How to choose a duplicate detection method

Problem Statement

DataEval offers multiple approaches for detecting duplicate images:

  1. Hash-based methods (phash_d4, dhash_d4) - Fast perceptual hashing with rotation/flip invariance

  2. Embedding-based methods (BoVWExtractor) - SIFT-based Bag of Visual Words for semantic similarity

This notebook compares these approaches to help you choose the right method for your use case.

When to use each method

Method

Best For

Speed

Rotation Invariant

D4 Hashes (phash_d4, dhash_d4)

Detecting rotated/flipped copies

Fast

Only 90° increments

BoVWExtractor

Semantic similarity, different viewpoints

Slower

Any angle

Basic Hashes (phash, dhash)

Same-orientation near-duplicates

Fastest

No

Key insight: D4 hashes only handle the 8 symmetries of a square (0°, 90°, 180°, 270° + flips). BoVW using SIFT features is invariant to any rotation angle, making it better for detecting arbitrarily rotated duplicates.

What you will need

  1. A Python environment with the following packages installed:

    • dataeval

    • opencv-python or opencv-python-headless

    • matplotlib

  2. Sample images to analyze

Getting Started

Let’s import the required libraries.

import time

import cv2
import matplotlib.pyplot as plt
import numpy as np

from dataeval import config
from dataeval.extractors._bovw import BoVWExtractor
from dataeval.flags import ImageStats
from dataeval.quality import Duplicates

config.set_seed(67)  # six seven

Creating Test Data

We’ll create a synthetic dataset with different types of “duplicates” to test each method’s capabilities:

  1. Original images - Base images with texture (for SIFT detection)
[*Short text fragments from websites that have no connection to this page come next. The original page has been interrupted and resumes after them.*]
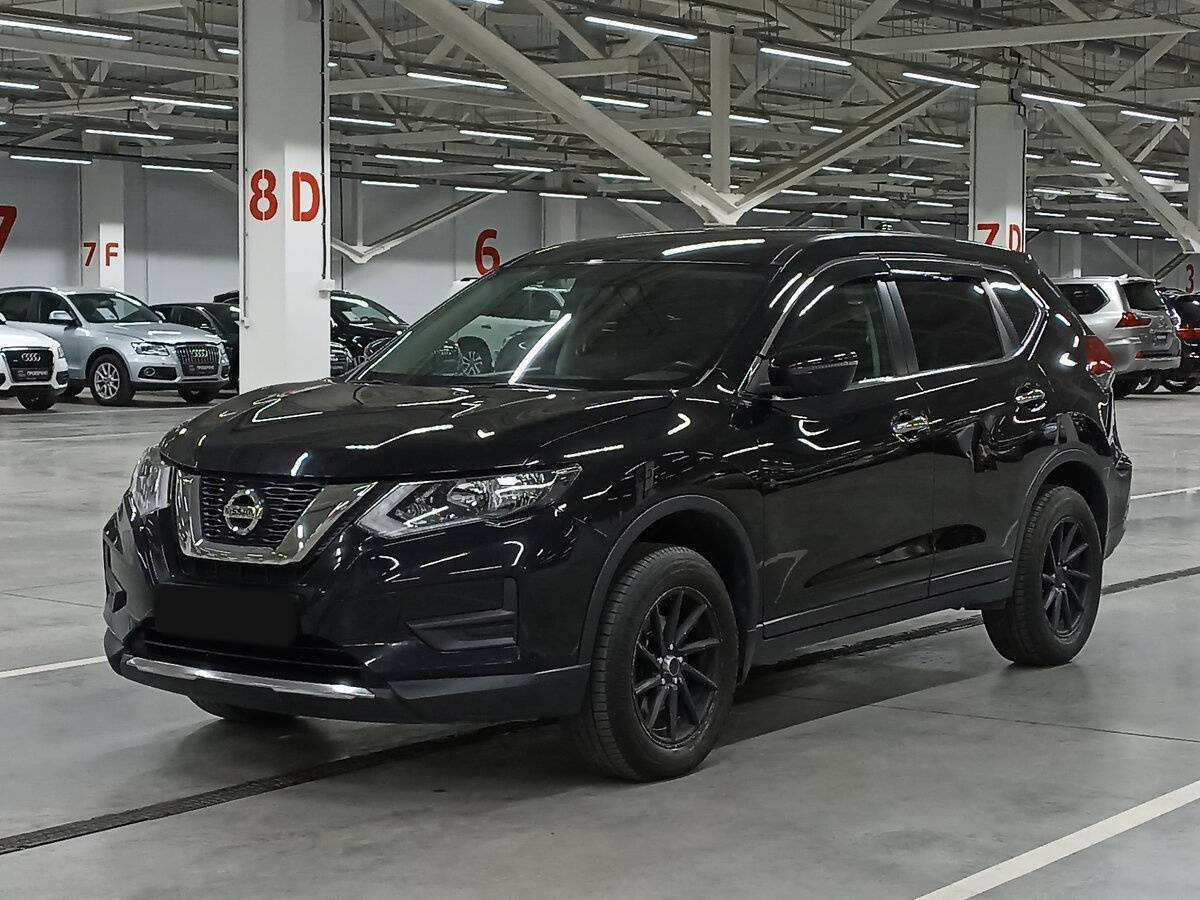 Nissan X-Trail с пробегом — 2021 год. Фото: #0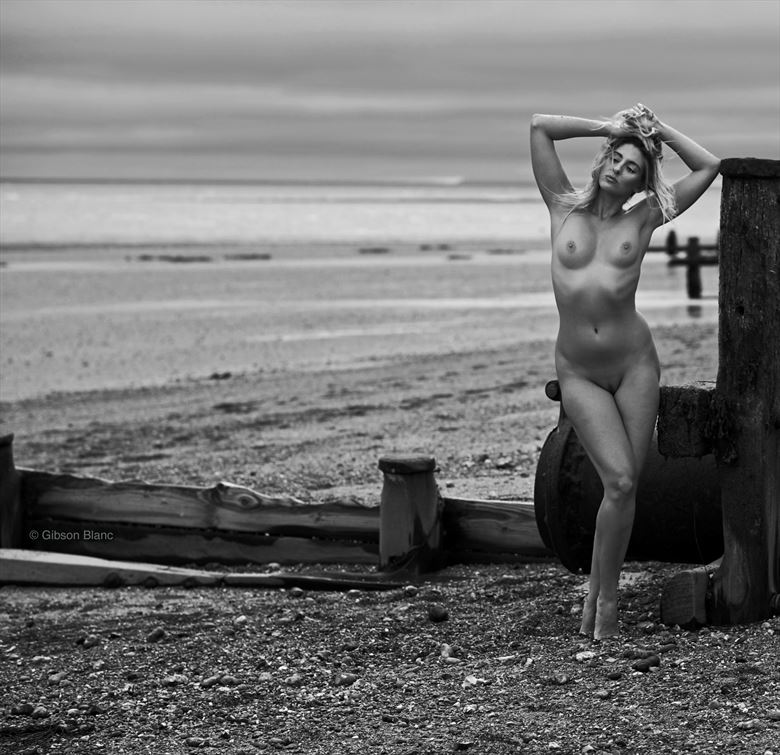 chiara artistic nude photo by photographer gibson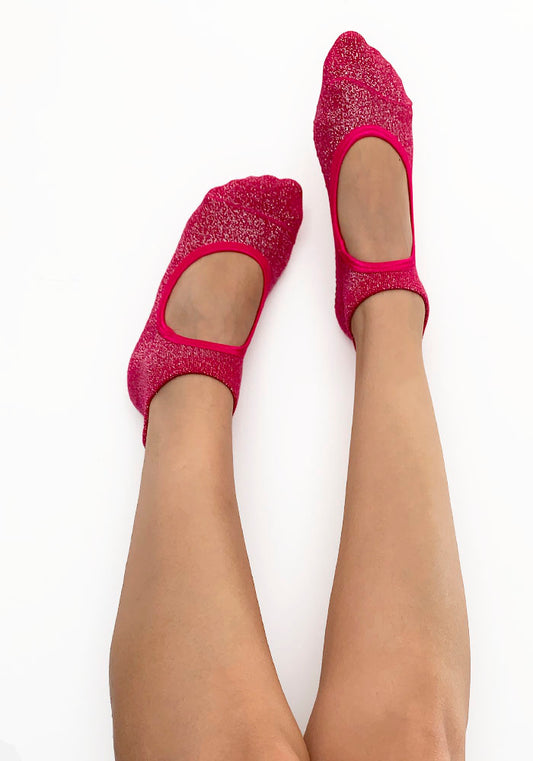 Portecto Pie “Lemon" Color Fucsia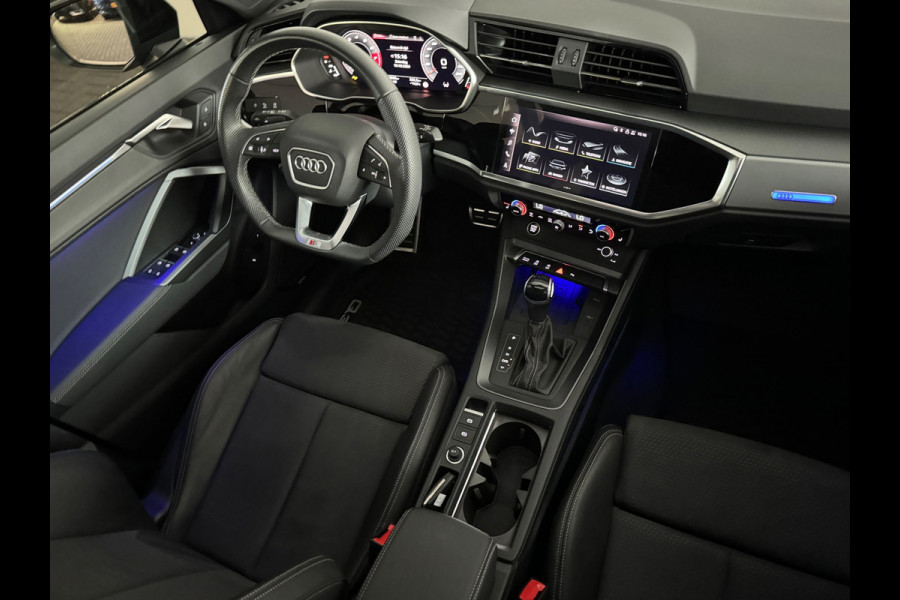 Audi Q3 Sportback 35 TFSI S Line Competiti Pano|Memory|Sonos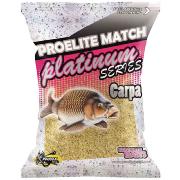 PRO ELITE BAITS ENGODO PLATINUM CARPA AMARILLO 1 kg - Imagen 2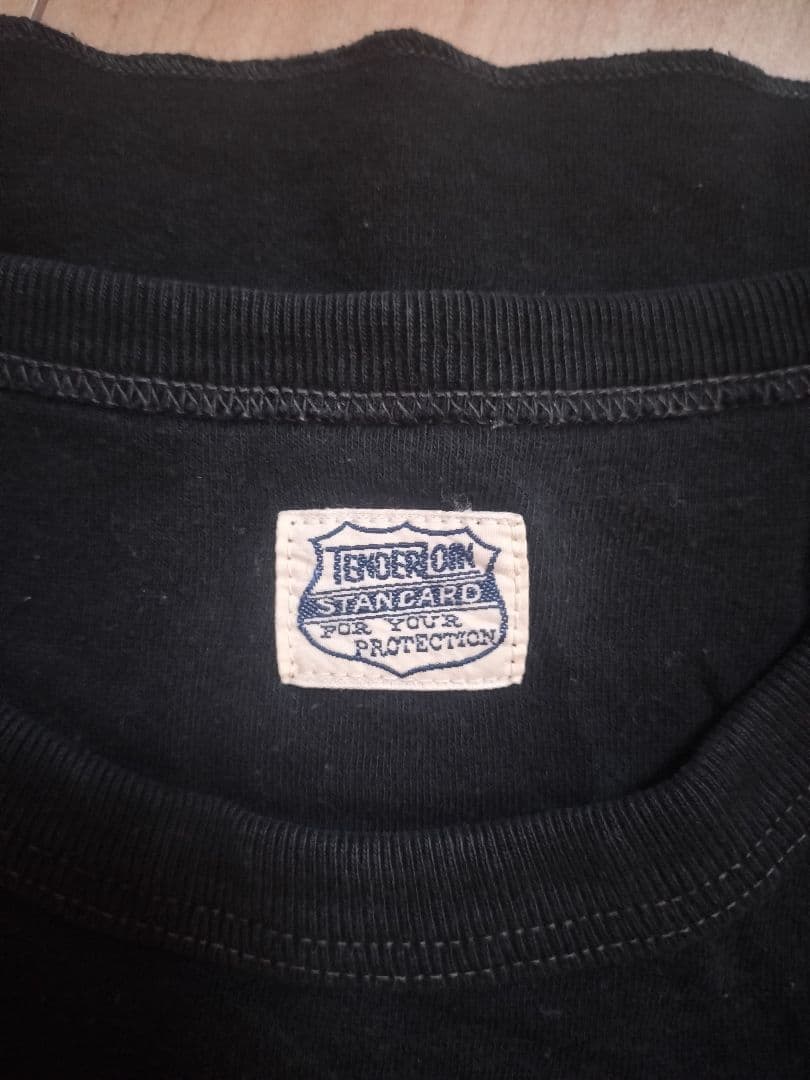 TENDERLOIN テンダーロイン　サーマル　ブラック X-LARGE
  2. 90° rotations - 90°, 180°, 270° rotations (D4 hashes can detect these)

  3. Diagonal rotations - 45°, 135° rotations (only BoVW can detect these!)

  4. Flipped copies - Horizontal and vertical flips

  5. Unique images - Should NOT be detected as duplicates

def create_textured_image(seed: int, size: int = 128) -> np.ndarray:
    """Create an image with texture patterns that SIFT can detect."""
    rng = np.random.default_rng(seed)

    # Create base with gradient and noise
    x = np.linspace(0, 4 * np.pi, size)
    y = np.linspace(0, 4 * np.pi, size)
    xx, yy = np.meshgrid(x, y)

    # Create pattern with multiple frequency components
    pattern = (
        np.sin(xx * (1 + seed % 3)) * np.cos(yy * (2 + seed % 2))
        + np.sin(xx * 3 + seed) * 0.5
        + rng.random((size, size)) * 0.3
    )

    # Normalize to 0-255
    pattern = ((pattern - pattern.min()) / (pattern.max() - pattern.min()) * 255).astype(np.uint8)

    # Create RGB image (same pattern in all channels with slight variation)
    img = np.stack(
        [pattern, np.roll(pattern, seed % 10, axis=0), np.roll(pattern, seed % 7, axis=1)], axis=0
    )  # Shape: (3, H, W) - channels first

    return img.astype(np.uint8)
def rotate_image(img: np.ndarray, angle: float) -> np.ndarray:
    """Rotates image by any angle"""
    angle = angle % 360

    if angle == 0:
        return img

    # Transpose to HWC for OpenCV
    img_hwc = np.transpose(img, (1, 2, 0))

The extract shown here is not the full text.